Lorsque nous sommes rentrés, déjà la nuit chassait la lumière d’un des premiers jours d’été, la comprimait par le bas pour la faire basculer de l’autre côté du monde, en équinoxe d’hiver.
Parfois au long de ma journée, il m’arrive de sentir que mes démons familiers me laissent quelque répit. Je m’assieds ; je rêve avec béatitude et sans objet. Je ne pense à rien. C’est ça : Je pense mais je ne pense à rien. Je suis presque absent de moi-même. Alors, venu du fond de ma mémoire, un petit souvenir inconnu apparaît. Il approche avec précaution, comme un oiseau, il est farouche et sautillant mais si je veux le saisir, il s’envole ne laissant qu’un léger courant d’air.
En ouvrant “Les livres du bonheur” de Georges Duhamel, que j’ai fait aller chercher au fond de la réserve de la bibliothèque municipale, je fus surpris par les rumeurs, les odeurs et les couleurs qu’il contenait, par la force avec laquelle tout m’a sauté à la figure. Portées à la fois par le contenu des phrases légères, fines et tendres mais aussi par les bouts de ma mémoire que j’avais laissé accrochés à ce livre, des années auparavant. Un réveil inattendu de parfums, de musique et de décors.
Ouvrir un livre, même dans une édition plus récente et se sentir bousculé, balloté jusqu’au salon d’un appartement d’Auxerre au siècle dernier.
Je n’ai pas encore retrouvé le passage sur les fourmis et le pot de confiture. Mais en savourant chaque page et je ne le manquerai pas.
Certains nous regardent avec étonnement lorsqu’ils nous entendent prononcer le mot “jaune”, en appuyant bien fort, en accentuant sur la syllabe du milieu, en formant un O avec la bouche en rond comme ça.
S’ils regardent mieux, en général, ils nous verront sourire brièvement, nous jeter un regard entendu.
Cela sent la private jocke, cela exclus un peu, mais on ne peut pas s’en empêcher. C’est plus fort que nous, ce mot nous lie à une partie de jeux de 7 familles, un soir de juillet avec Ania où l’on se moquait gentiment de son accent, où l’on était bien.

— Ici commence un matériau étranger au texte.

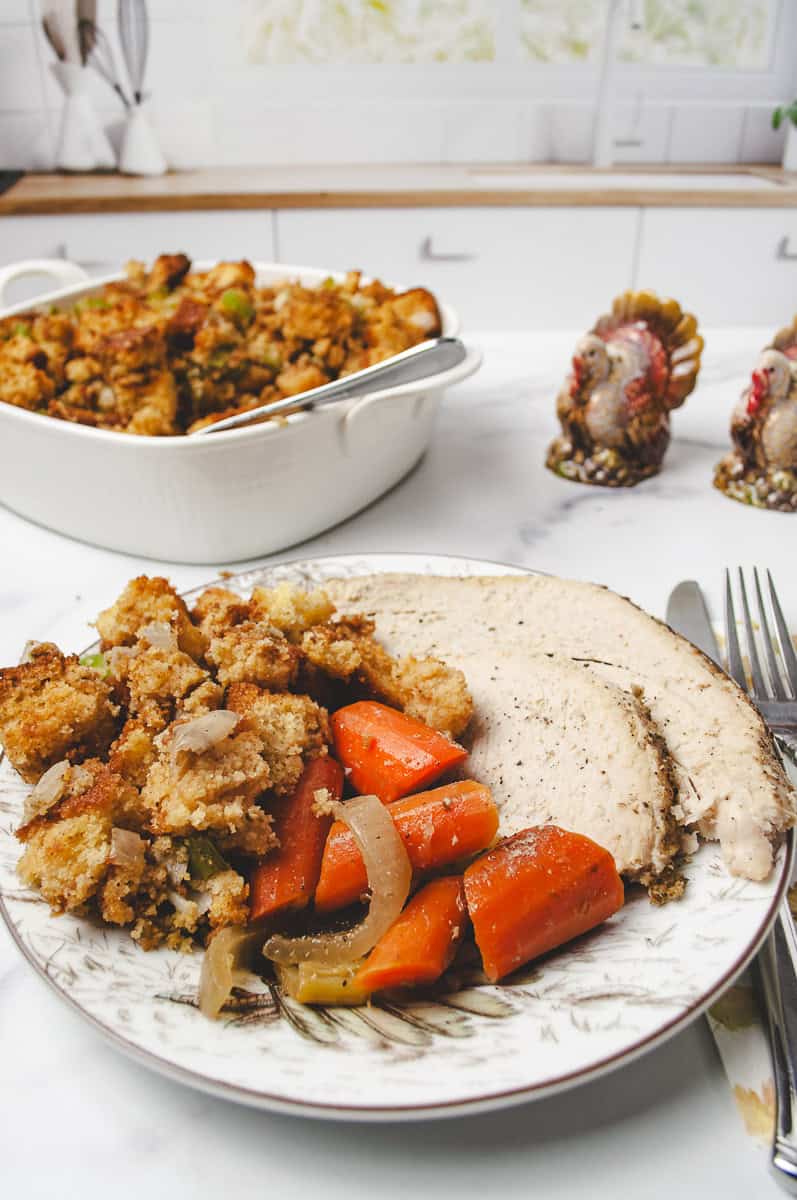  2 slices of turkey breast on a plate with cooked carrots and cornbread stuffing with a fork and knife on a white counter with a casserole of cornbread stuffing in the background and a turkey salt and turkey pepper shaker. 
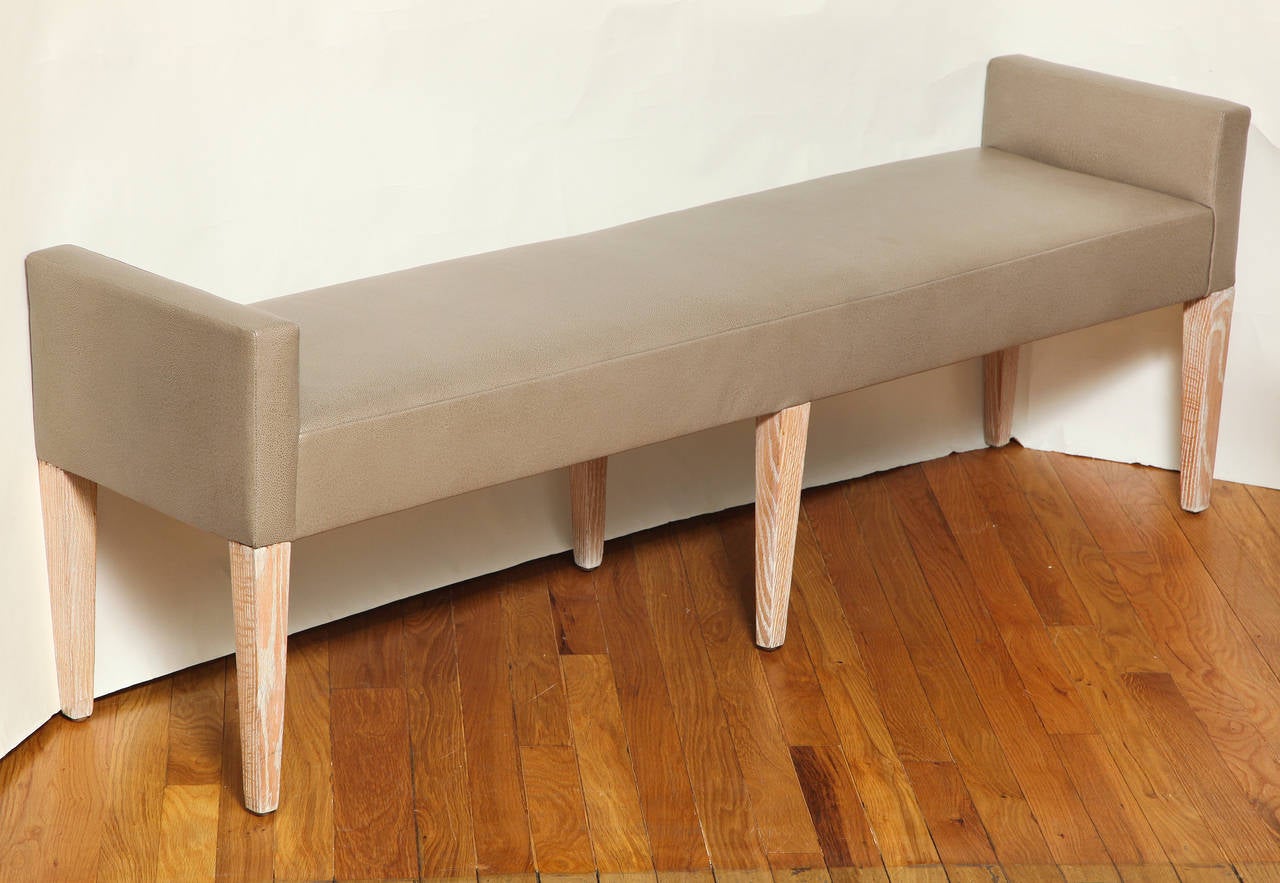 An American Mid-Century narrow bench with six square and tapering legs. The legs and apron with white cerused oak finish. The seat and raised sides upholstered in grey leather.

Pour comprendre, le mieux c’est de demander à une polonaise connaissant à peine quelques mots de français de prononcer la fameuse phrase “Dans la famille jaune, je demande la grand-mère”.
Si on demande à Manu (qui est étroitement lié à l’acquisition et à l’ornement de ce jardin) ce qu’il pense de cette nature qui avait pris un mois d’avance, qui sortait de terre sans se douter que le froid, le vent, la neige était tapis dans l’ombre, attendant patiemment son heure pour tout piéger, si on lui demande ce qu’il risque de se passer, le Manu il répond :
« Ben à mon avis, c’est pas compliqué, là, les cerises, on peut dire qu’elles sont déjà cueillies, comme qui dirait ».
C’est une expression qui me fait sourire tant je suis incapable de me projeter jusqu’au mois de juin, quand on en sera à les pleurer les cerises.
A la rentrée on reprend le latin.
Doucement j’espère,
en commençant par les noms de la première déclinaison,
du génitif singulier en -ae,
et du nominatif singulier en -a
Les fleurs d’été prennent la forme et les couleurs des rayons du soleil, des dunes de sables,
des vagues, des tissus légers dans le courant ou le vent, et aussi, sans trop se forcer, aux anémones de mer.